----- PROVIDED MATERIAL

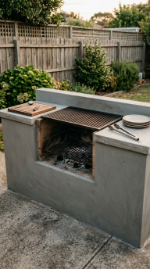 18 Easy Outdoor Kitchen DIY Ideas Cinder Block Grill Station 9 9. Cinder Block Grill Station With Built-In Charcoal Firebox and Side Counter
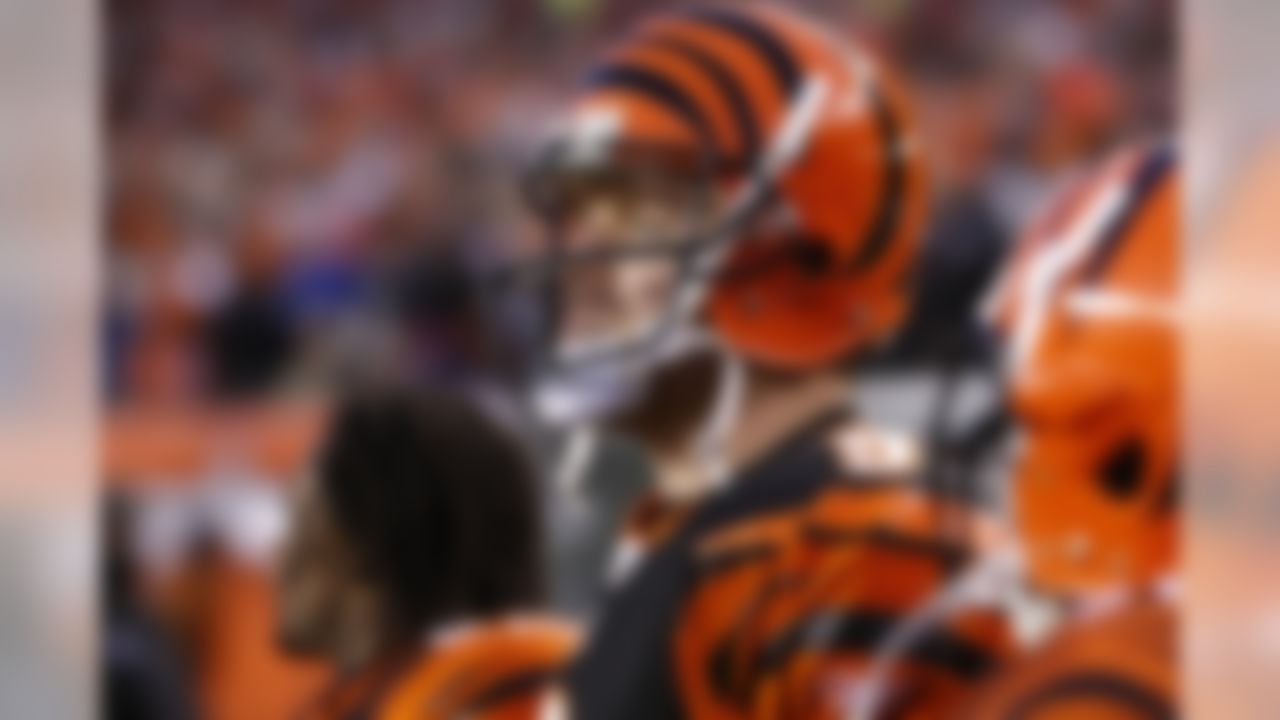 Cincinnati Bengals quarterback Carson Palmer (9) looks on in the second half against the New York Jets during the AFC Wild Card Playoff game at Paul Brown Stadium in Cincinnati, Ohio on January 9, 2010. The Jets won 24-14. (Photo by Joe Robbins/NFL.com)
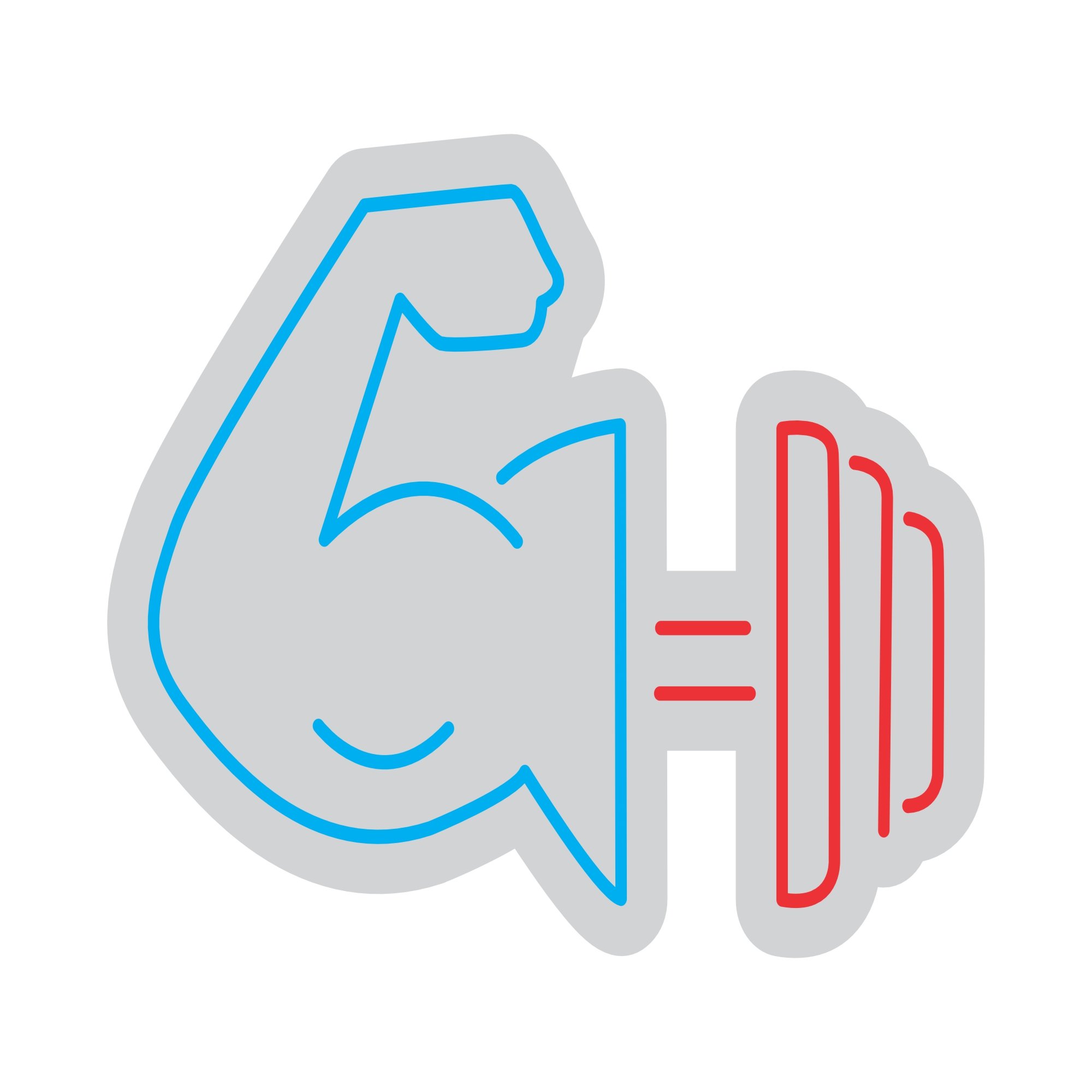 Custom Neon | Arm with Dumbbell Neon Sign | 18x24 Inches | Ice Blue Red Colors 3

----------

The copy has to start at the line that contains "Cincinnati Bengals quarterback" and end at the last line of the material above, matching the original exactly and holding no pictures.

 Cincinnati Bengals quarterback Carson Palmer (9) looks on in the second half against the New York Jets during the AFC Wild Card Playoff game at Paul Brown Stadium in Cincinnati, Ohio on January 9, 2010. The Jets won 24-14. (Photo by Joe Robbins/NFL.com)
 Custom Neon | Arm with Dumbbell Neon Sign | 18x24 Inches | Ice Blue Red Colors 3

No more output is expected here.